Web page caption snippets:

※

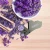 pol_pl_AC-Infinity-Lupa-powiekszajaca-30x-60x-z-podswietleniem-LED-6806_6.webp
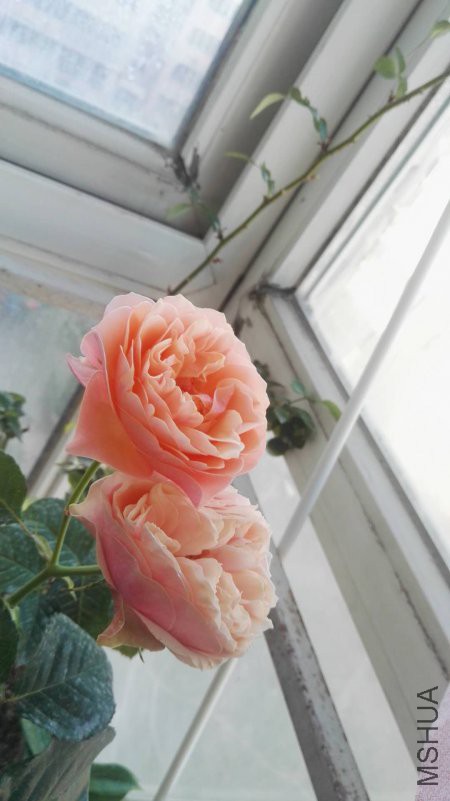 ΢��ͼƬ_20180510152053.jpg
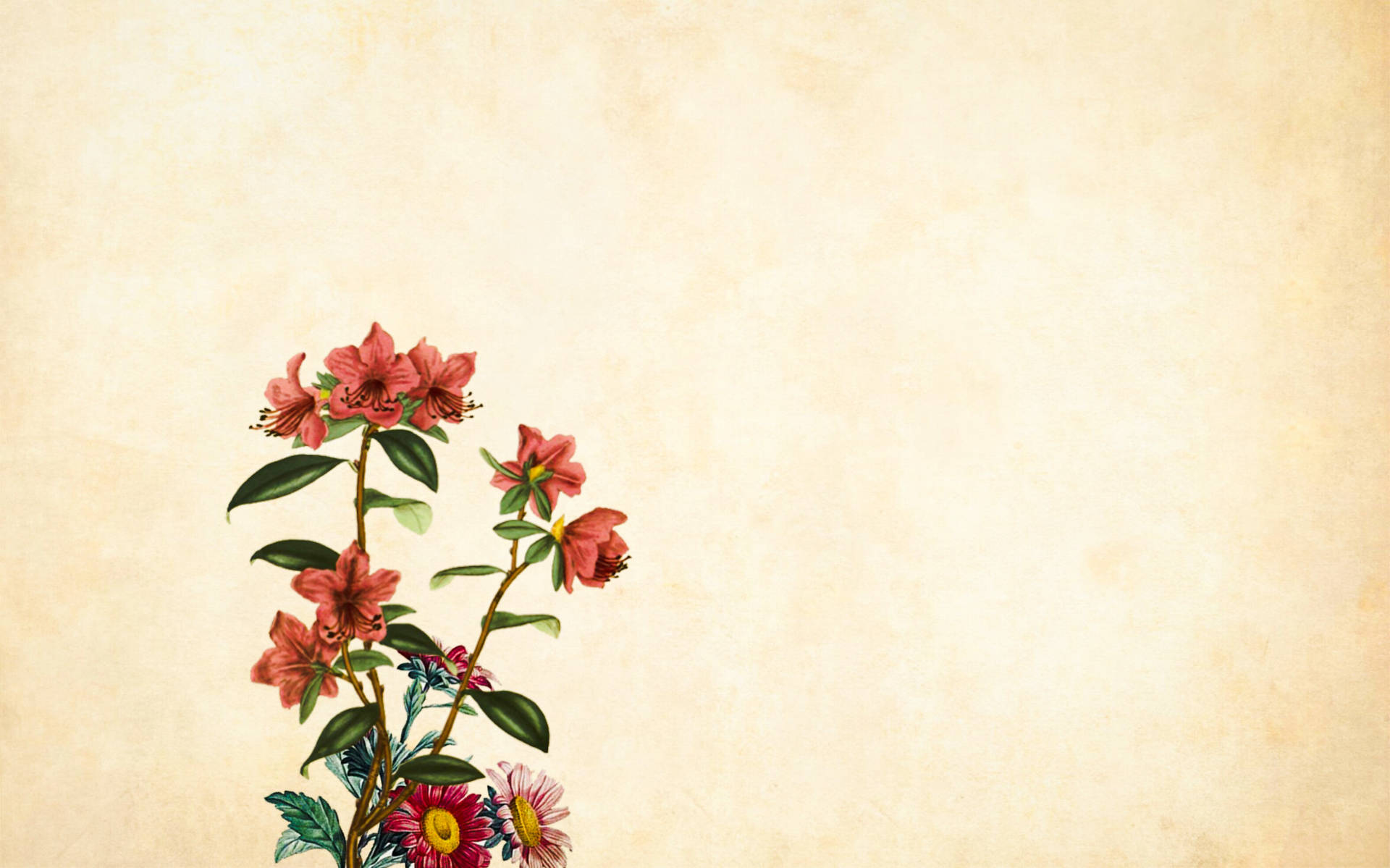 Nostalgic Flower Painting Background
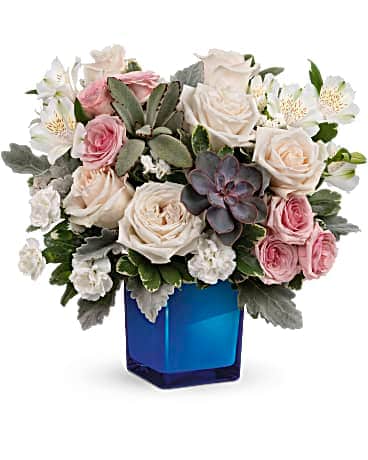 Premium size, 13 1/4 inches height and 14 and a half inches wide.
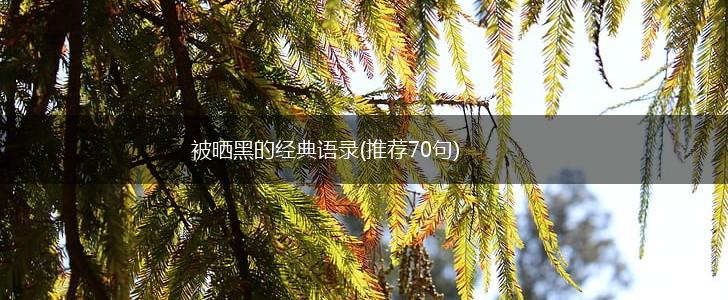 被晒黑的经典语录(推荐70句),第1张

※

- [Problem description]
Since only the text is wanted, repeat all the records above exactly and omit the pictures.

- [Worked solution]
 pol_pl_AC-Infinity-Lupa-powiekszajaca-30x-60x-z-podswietleniem-LED-6806_6.webp
 ΢��ͼƬ_20180510152053.jpg
 Nostalgic Flower Painting Background
 Premium size, 13 1/4 inches height and 14 and a half inches wide.
 被晒黑的经典语录(推荐70句),第1张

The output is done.